We humans tend towards extremes.  And, generally speaking, life is well-lived with things in balance.  So it is with tip #12.  When trying to shake the sad state, I have found it best to avoid the extremes of isolation and over-activity.

Either of these can push me towards feelings of depression and either can certainly prolong those feelings.  Seems to me, that we can use "over-activity" as sort of anesthesia.  Keeping ourselves "too busy" means we don't have time to deal with difficult issues...or to feel pain.  Althought that might seem like a good thing, it's not.  Pain is not always bad.  It's an indicator that there is a problem that needs our attention.  If we go without feeling pain for too long, we never address the problem.  And so things get worse.  Just as physical pain can be helpful (ever touch a hot stove?), so can emotional pain.  Always avoiding the pain can lead to bigger problems. Too much busy-ness is just not good.  AT ALL.

Just as too much activity/time with others is an extreme that we don't want to live in all the time, the same is true for isolation.  Now, don't hear what I'm not saying.  I strongly support time alone, time away from the crowds and routine demands.  Time to refresh and replenish.  And repair.  But we were made to need other people- and for them to need us - and when we find ourselves continuously pulling away from friends and family and responsiblities....and pulling inside ourselves, we need a red light to go on in our hearts.  Signalling trouble. 

Happiness comes with a balance of time alone, time with others, time giving, time receiving.  Check out your "extreme-o-meter" and see if you are registering too far in one direction or the other.   

Friday, March 29, 2013

Be happy - tips 10 & 11

Tip # 10 - Monitor music and media

We already mentioned this briefly in another tip post but it bears being singled out as its own post.  Check out your time on social media, watching movies/TV and what you are mindlessly listening to.  Major mood influencer.
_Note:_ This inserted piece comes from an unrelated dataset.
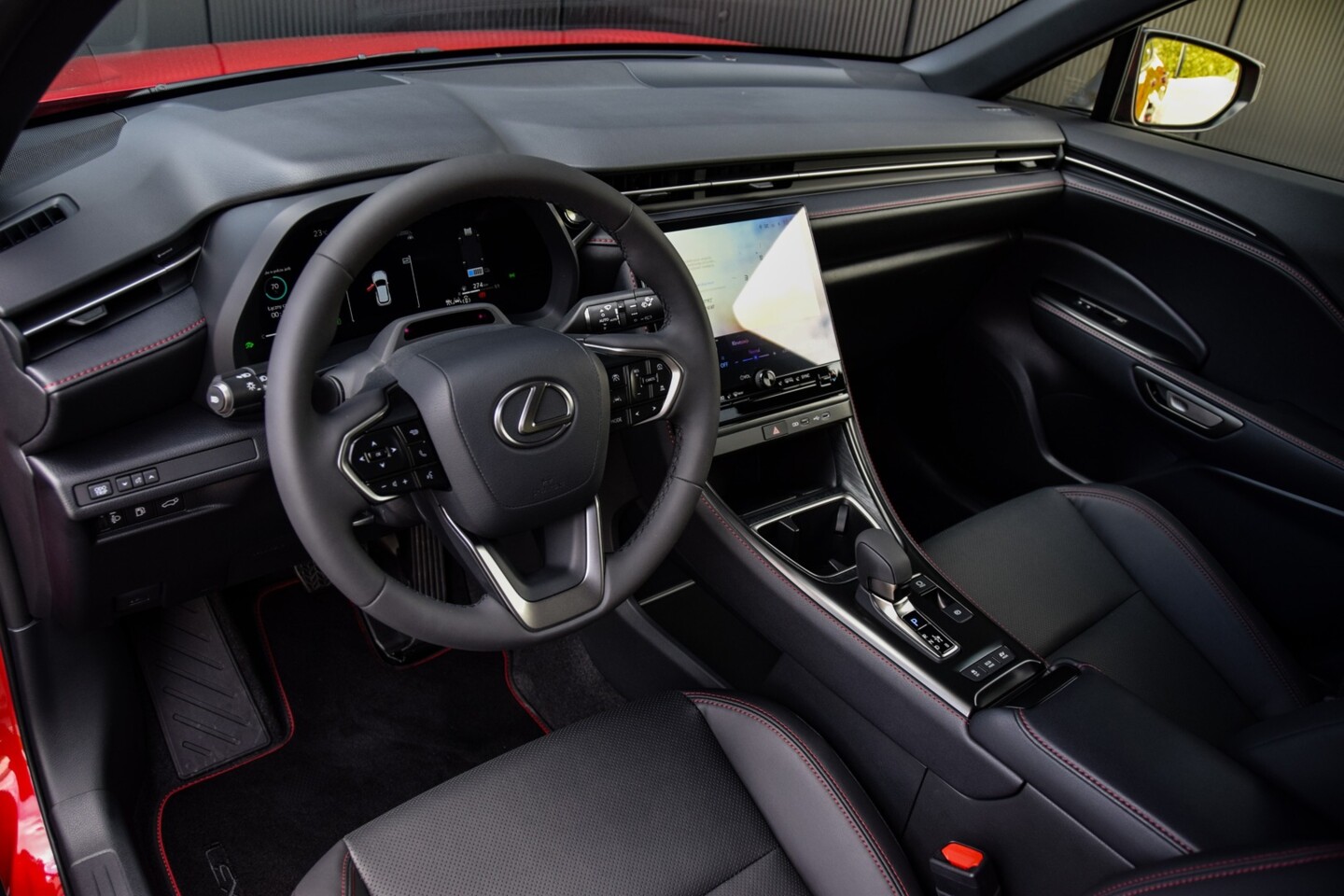 Lexus LBX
Beware of thinking you are spending less time than you actually are.  Cut out all social media and screen time for a solid week and see if you wind up with spare time on your hands.

Tip # 11 - Nature

Scripture says in Psalm 19 - "The Heavens declare the glory of God".  Get out there and look at it! Use your senses to take in the wonder and glory of God - listen to a nightingale's song; look at a breathtaking sunset (or better yet- sunRISE!); taste the sweetness of fresh strawberries straight from Washington Farms; smell honeysuckle on a walk through the woods; rub the wool on a lamb's back.  Experience this amazing world that God created with generous beauty.  Soak in the message His creation sends - we serve a mighty God.
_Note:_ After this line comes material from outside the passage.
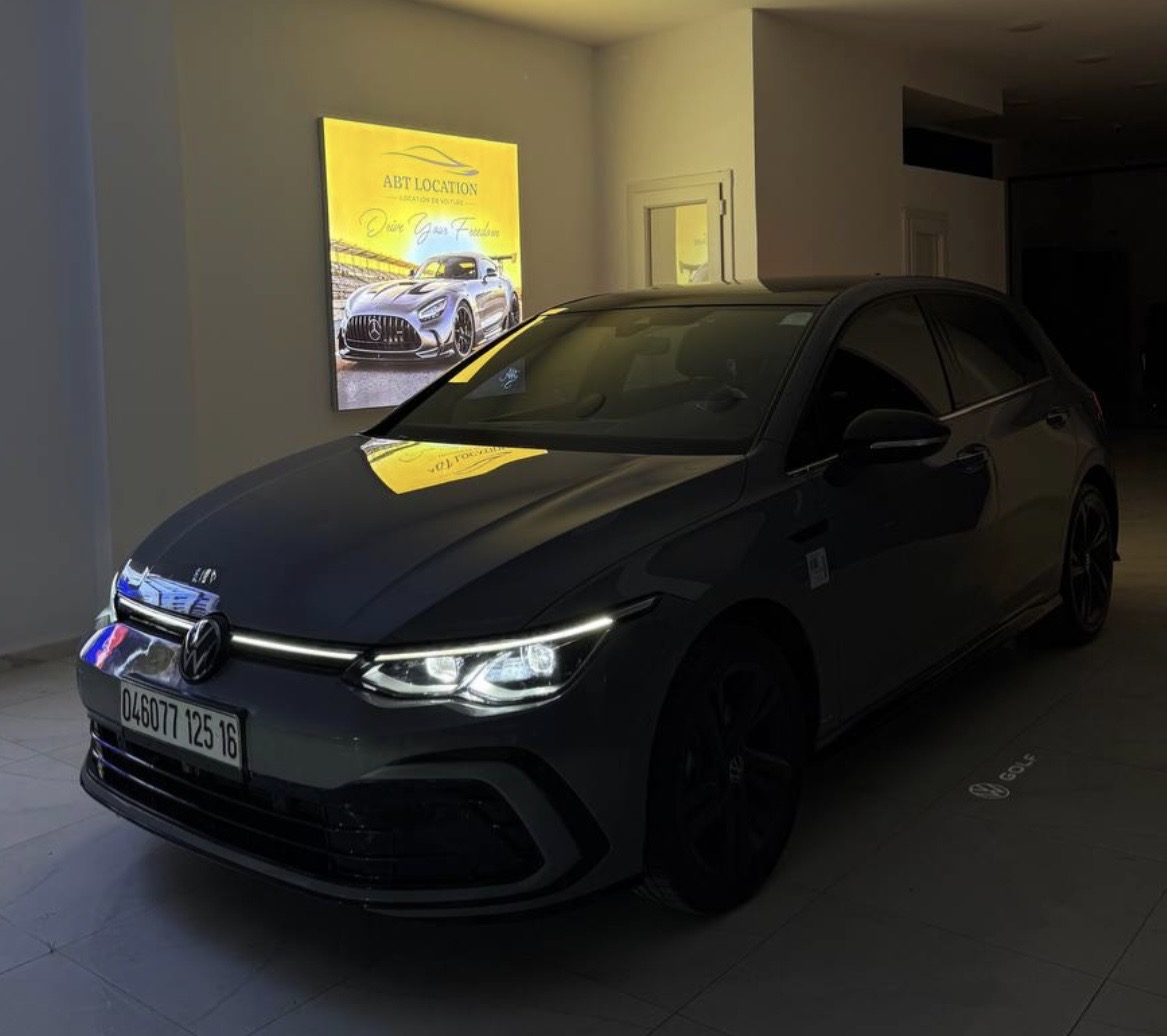 volkswagen GOLF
And He is bigger than you and me....and our sadness.  Soak that truth up all the way into your bones!

Thursday, March 28, 2013

Be happy tips 8 & 9

Tip #8 is a given but it's really interesting how much we think about doing this but never get around to it.  Pray.  Talk to God about our lack of joy.  The Psalms show us that David poured out his heart to God, revealing deep emotions that almost seem irreverent. But he wasn't being irreverent - he was being transparent with a honesty that God alone can deal with.  Apparently, King David knew that he needed to get the negative emotions out before they could be replaced with positive ones.
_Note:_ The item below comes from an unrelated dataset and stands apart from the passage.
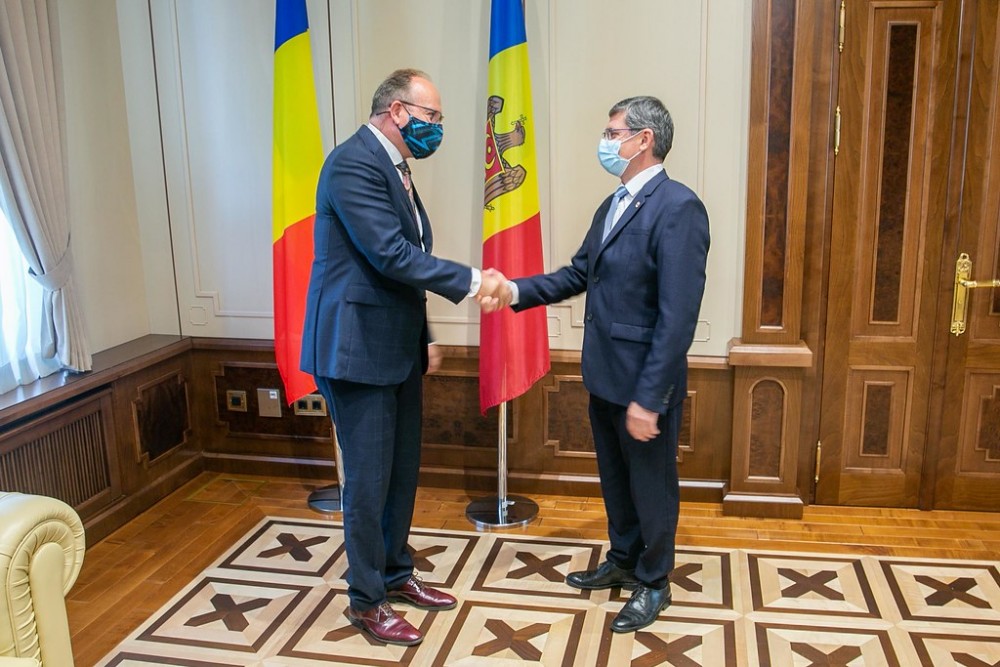 Igor Grosu a avut o întrevedere cu ambasadorul României la Chișinău, Daniel Ioniță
So, talk to God.  Then listen to what He has to say.

Tip # 8 -- Pray.

Tip # 9 involves talking, too.  Talking to yourself.  I know that sounds crazy but hear me out.
Psalm 42:5, 6 records the conversation David has with his soul...and the answer he gives himself.

 Why are you cast down, O my soul,
and why are you in turmoil within me?
Hope in God; for I shall again praise him,
my salvation  and my God.


I find it very beneficial to monitor my self-talk --- instead of letting my soul speak lies and negative thoughts, I tell myself to instead listen to the truth. It's amazing how much of our thought life is not based on the truth.  We fall prey to vain imaginations ("I'll bet so&so said/did/thought such&such about me" or "What if _________ happens? What will I do then??") and false assumptions ("He will never change" or  "I can't do this anymore") and outright lies ("I am hopeless" or the equally destructive opposite "I am right"  and "Nobody understands what I'm going through")  Lies that steal our peace and joy.  Instead of Truth. And that Truth gets me back to tip #7 -- God's Word.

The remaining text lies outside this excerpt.